Cermin Pengusir Iblis dari Abad ke-4 Ditemukan di Israel, Begini Bentuknya
Sebuah temuan menarik baru-baru ini muncul dari penggalian arkeologi yang dilakukan oleh Otoritas Kepurbakalaan Israel (IAA)
Sebuah temuan menarik baru-baru ini muncul dari penggalian arkeologi yang dilakukan oleh Otoritas Kepurbakalaan Israel (IAA) di situs kota purba Usha di Galilea Barat, Israel.
Cermin Pengusir Iblis dari Abad ke-4 Ditemukan di Israel, Begini Bentuknya
Usha memiliki sejarah yang kaya, terutama karena menjadi pusat perpindahan kursi Patriarkat pada abad pertama Masehi.
Selama periode Bizantium (sekitar abad ke-4 hingga ke-6 M), Usha juga terkenal sebagai tempat produksi kaca, logam, serta anggur dan minyak zaitun.
Namun, salah satu penemuan paling menarik adalah sepotong "cermin ajaib". Cermin ini ditemukan tersembunyi di antara reruntuhan bangunan kuno.
Menurut Navit Popovitch dari IAA, cermin ini diyakini digunakan untuk melindungi orang dari roh jahat dan iblis yang akan melihat pantulan bayangan mereka sendiri.
Dunia lain
Penemuan serupa juga ditemukan sebelumnya di dalam makam.

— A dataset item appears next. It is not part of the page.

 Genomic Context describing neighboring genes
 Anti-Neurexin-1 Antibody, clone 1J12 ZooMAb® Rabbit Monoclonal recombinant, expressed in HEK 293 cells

Cermin itu mungkin ditempatkan sebagai hadiah terakhir untuk menjaga jiwa yang telah meninggal dalam perjalanan mereka ke dunia lain.
Eli Escusido, Direktur IAA, menyoroti pentingnya penggalian ini dalam membawa sejarah hidup dari kelas ke lapangan.

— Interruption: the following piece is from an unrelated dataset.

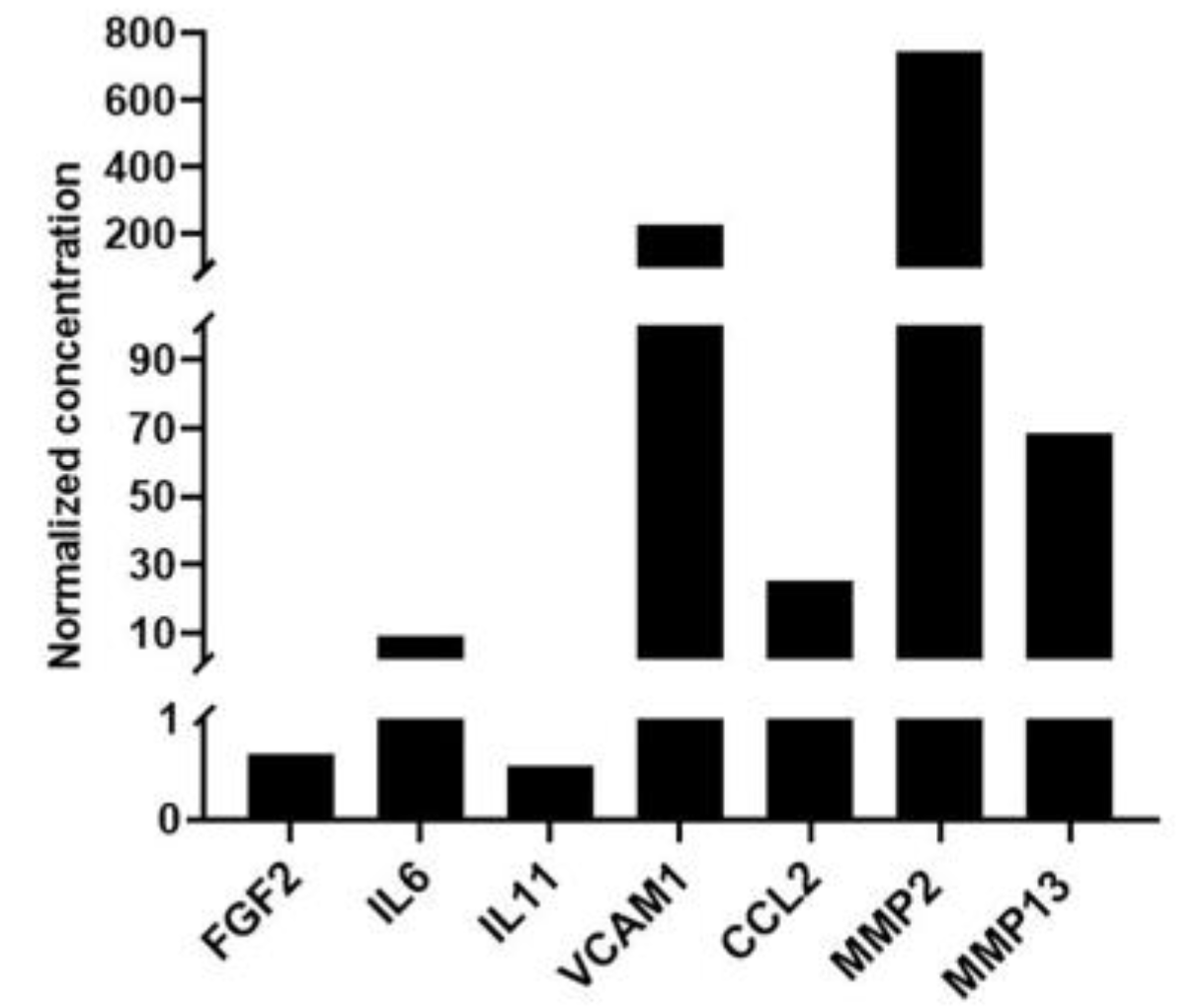 Cells 12 00767 g008 Cells 12 00767 g008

"Selama perjalanan satu pekan, anak-anak muda ini menemukan temuan tambahan, termasuk keramik, koin, fragmen batu yang dihias, dan bahkan sebuah saluran air," ungkap Escusido.
Warisan budaya
"Sejarah, yang biasanya diajarkan di dalam kelas, menjadi hidup dari tanah. Seorang murid yang menemukan penemuan selama penggalian tidak akan pernah melupakan pengalaman tersebut. Tidak ada cara yang lebih baik untuk menghubungkan generasi muda dengan negara dan warisan budaya."

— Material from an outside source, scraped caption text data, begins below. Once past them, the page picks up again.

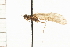  ( - 08RMCAD-0018)  @11 [ ] CreativeCommons - Attribution (2008) Unspecified Centre for Biodiversity Genomics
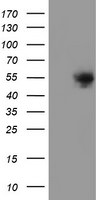 DOK7 Antibody in Western Blot (WB)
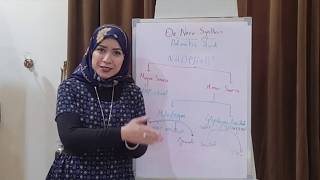 LIPID METABOLISM Biochemistry Session 3Lipogenesis part1 [upl. by Macario]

Penemuan "cermin ajaib" di situs kota Usha mengungkapkan wawasan tentang kepercayaan dan praktik spiritual masa lalu. Melalui Proyek Shelah, penggalian ini mempertemukan generasi muda dengan warisan budaya secara langsung.
Melalui Proyek Shelah yang melibatkan 500 siswa sekolah tinggi di Israel, penggalian ini memberikan pelajaran tidak hanya tentang artefak purba, tetapi juga tentang membumikan sejarah dan nilai-nilai budaya.